"Facts of Slavery" - James Redpath - New York Tribune
We learn from The Norfolk Beacon that one of the first acts of Judge Baker, of the Superior Court on Monday, Jan. 9, was to sentence Mrs. Douglas, who was convicted at the last term for instructing negroes to read and write, contrary to law, to one month's imprisonment to the city jail, which sentence was immediately carried into execution.
The Deacon had an old slave that had been in the habit of running away, but had always been caught, until finally about two weeks ago he made another escape. No sooner was the old thing missing than cousin H borrowed neighbor P's hounds and started in search of him. He had not proceeded far in the woods before he found the old man perched upon a limb of a large tree. He ordered him several times to come down, but the old man, stubborn as an ass, still maintained his position. The deacon then becoming excited, fired his gun at him. The ball passed through his ankle and mangled it in such a manner that it mortified and he died.
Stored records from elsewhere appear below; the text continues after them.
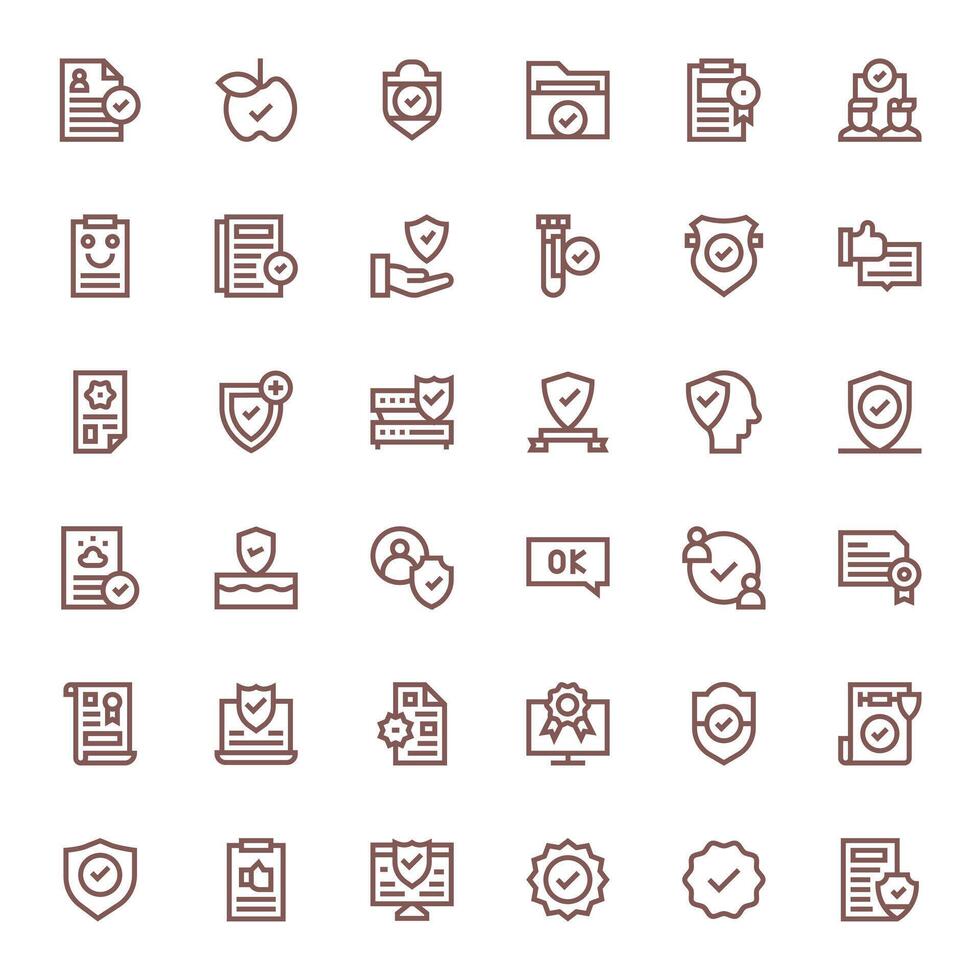 Compliant Icon Toolkit featuring 36 Pixel Optimized 256x256 Bold Line elements vector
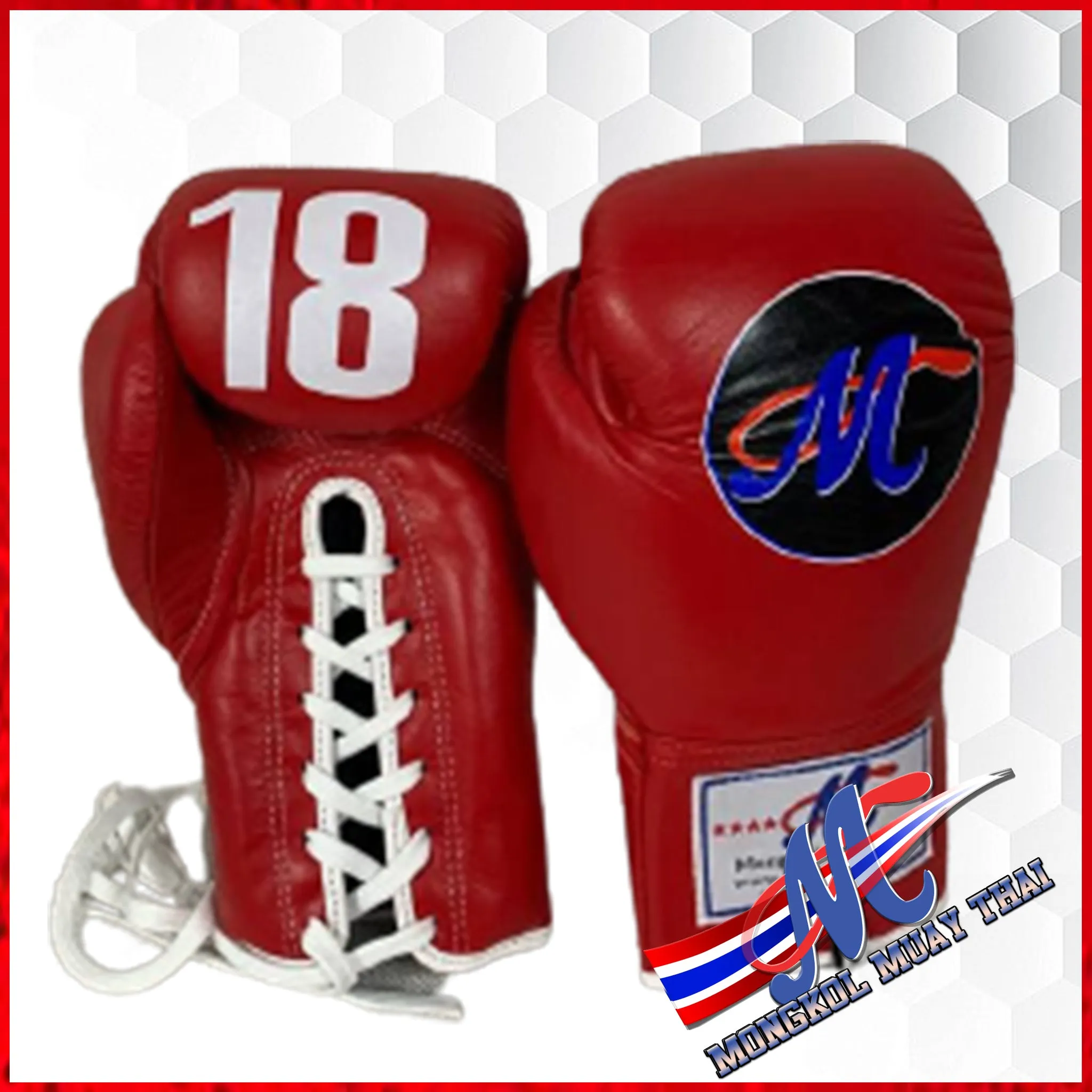 Mongkol Boxing Gloves  Red Lace-up 18 SERIES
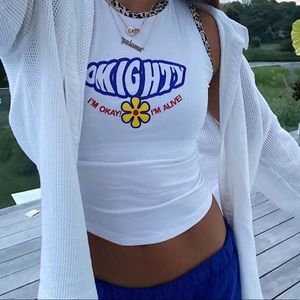 Omighty “I’m Okay! I’m Alive!” Tank Top White / Cheetah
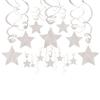 Silver Shooting Stars Hanging Foil Swirls - 18" & 24" (30 Pcs) - Party Decorations for Birthdays, Graduations, and Festive Events view 1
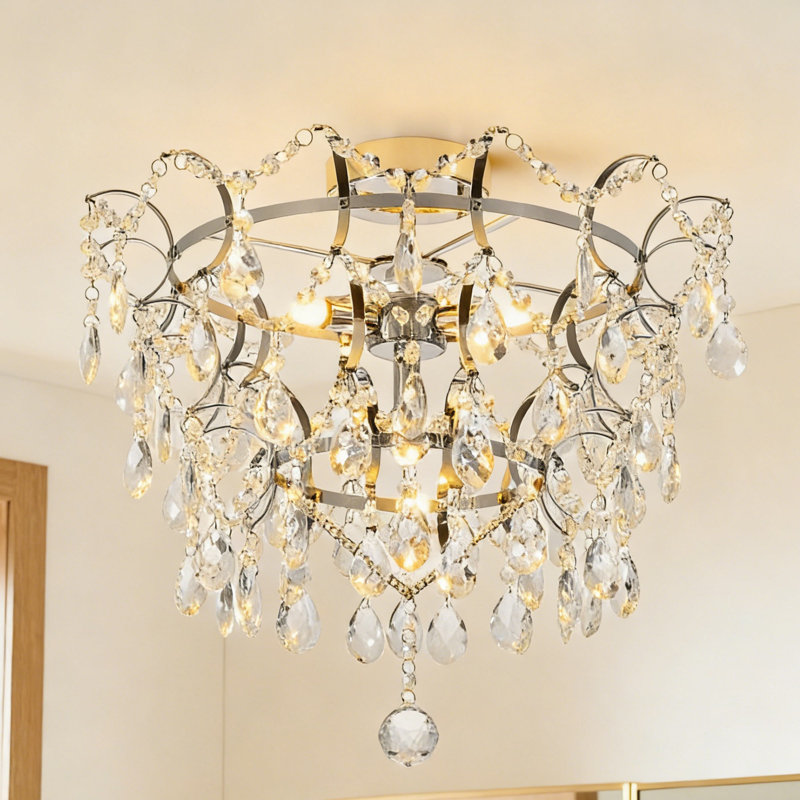 Plafonnier encastré moderne 4 lumières en métal et cristal Glam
A Case of Cruelty and Torture
Before the Jury, one of Mr. Lewis's neighbors, Mr. David Montgomery, of revolutionary descent, testified that on the first Monday of March,which was County Court day, the younger girl above spoken ran into his house in a state of complete nakedness, and that her first words besought them "to please let her warm by their fire." Upon examination by this neighbor and wife the girl was found to have been most cruelly treated. She showed burns that evidently were made with hot irons upon her neck, her face, her hands under both arms, between her legs, both behind and before, beside bruises upon her head and bleeding at the ears.